- Born: David Anthony Silver April 15, 1935 Manhattan, New York, U.S.
- Died: February 1, 2008 (aged 72) Los Angeles, California, U.S.
- Education: Columbia University;
- Occupation: Documentary Filmmaker;
- Spouse: Joan Shigekawa ​(divorced)​
- Children: Mariko Silver

= Tony Silver =

American documentary filmmaker (1935–2008)
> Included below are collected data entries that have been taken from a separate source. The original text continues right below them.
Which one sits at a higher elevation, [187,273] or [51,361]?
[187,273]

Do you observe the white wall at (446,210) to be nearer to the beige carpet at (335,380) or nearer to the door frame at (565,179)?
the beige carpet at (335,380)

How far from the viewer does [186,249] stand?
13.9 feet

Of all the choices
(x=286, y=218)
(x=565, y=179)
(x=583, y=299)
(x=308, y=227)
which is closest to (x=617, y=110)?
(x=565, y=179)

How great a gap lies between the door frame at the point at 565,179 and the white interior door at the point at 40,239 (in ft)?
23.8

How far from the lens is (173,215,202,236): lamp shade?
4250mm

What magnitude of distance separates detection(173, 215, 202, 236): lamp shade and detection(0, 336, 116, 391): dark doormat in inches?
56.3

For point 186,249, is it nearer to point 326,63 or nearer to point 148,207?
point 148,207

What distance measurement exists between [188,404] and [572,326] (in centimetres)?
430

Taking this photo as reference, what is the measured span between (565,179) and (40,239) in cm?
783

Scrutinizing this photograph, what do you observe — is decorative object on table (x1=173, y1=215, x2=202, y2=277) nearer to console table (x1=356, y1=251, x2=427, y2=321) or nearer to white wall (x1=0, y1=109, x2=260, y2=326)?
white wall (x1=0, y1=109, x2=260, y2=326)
David Anthony "Tony" Silver (April 15, 1935 – February 1, 2008) was an American documentary filmmaker known for directing the film Style Wars.

== Biography ==
Silver born David Anthony Silver in Manhattan on April 15, 1935. He attended Columbia University as a Ford Foundation scholar. He was a maker of trailers and other promotional materials for movies and television, including a trailer for Oliver Stone's Platoon, which won a Clio Award in 1986. He directed the 1983 documentary Style Wars, one of the earliest accounts of hip-hop culture that documented the lives of subway graffiti artists in New York City during the early 1980s. The movie won the Grand Jury Prize at the United States Film and Video Festival, a precursor to the Sundance Film Festival.
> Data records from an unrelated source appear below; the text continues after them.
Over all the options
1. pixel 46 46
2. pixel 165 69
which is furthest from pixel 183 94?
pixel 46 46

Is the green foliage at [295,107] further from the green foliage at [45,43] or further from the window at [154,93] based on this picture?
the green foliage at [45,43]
Silver also made the documentary Marshall Arisman: Facing the Audience, about the artist Marshall Arisman.

Silver died at his home in Los Angeles on February 1, 2008. He married film producer and later acting chairman of the National Endowment for the Arts Joan Shigekawa. Their daughter is Mariko Silver, former president of Bennington College and CEO of the Henry Luce Foundation.